# WHAT IS EXPECTED
Take the entries below and reproduce exactly the portion that begins at the line containing "TP.HCM: Chồng dẫn" and ends at the line containing "الوفد ومحافظ شمال", keeping both ends, dropping pictures, and adding nothing else.

**** LISTED ENTRIES ****

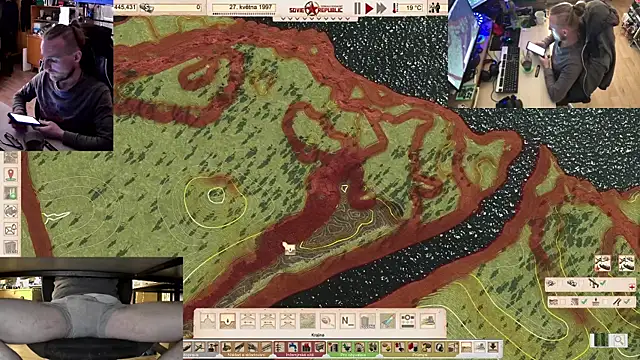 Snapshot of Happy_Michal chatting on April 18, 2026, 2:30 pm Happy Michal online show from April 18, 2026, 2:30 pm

****
**** LISTED ENTRIES ****

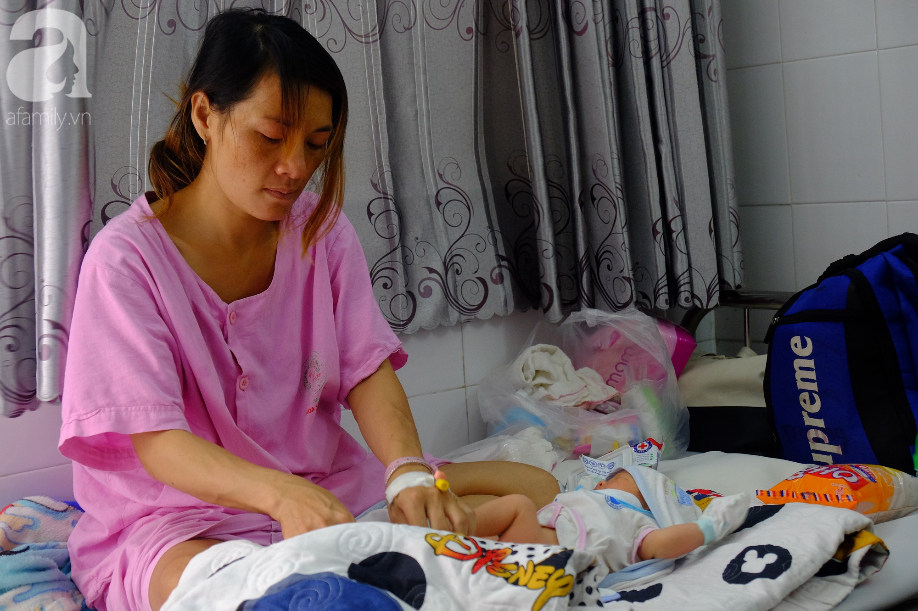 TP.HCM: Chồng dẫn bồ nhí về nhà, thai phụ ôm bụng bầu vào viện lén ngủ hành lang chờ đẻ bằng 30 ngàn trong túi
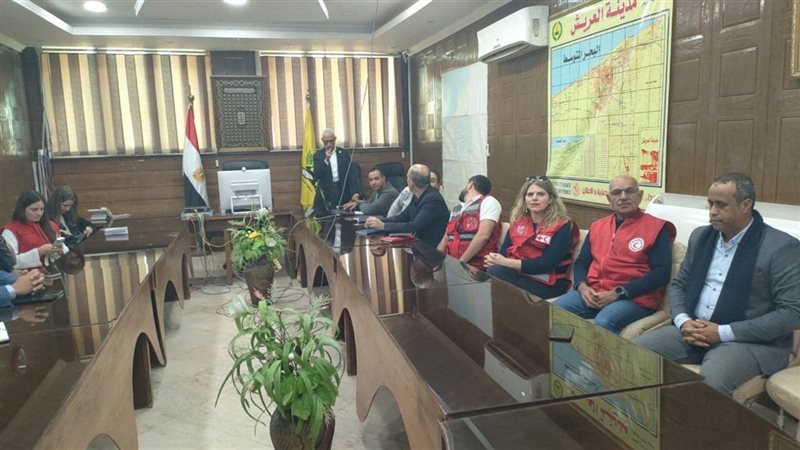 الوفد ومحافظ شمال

****

# RESULT OF THE EXERCISE
 TP.HCM: Chồng dẫn bồ nhí về nhà, thai phụ ôm bụng bầu vào viện lén ngủ hành lang chờ đẻ bằng 30 ngàn trong túi
 الوفد ومحافظ شمال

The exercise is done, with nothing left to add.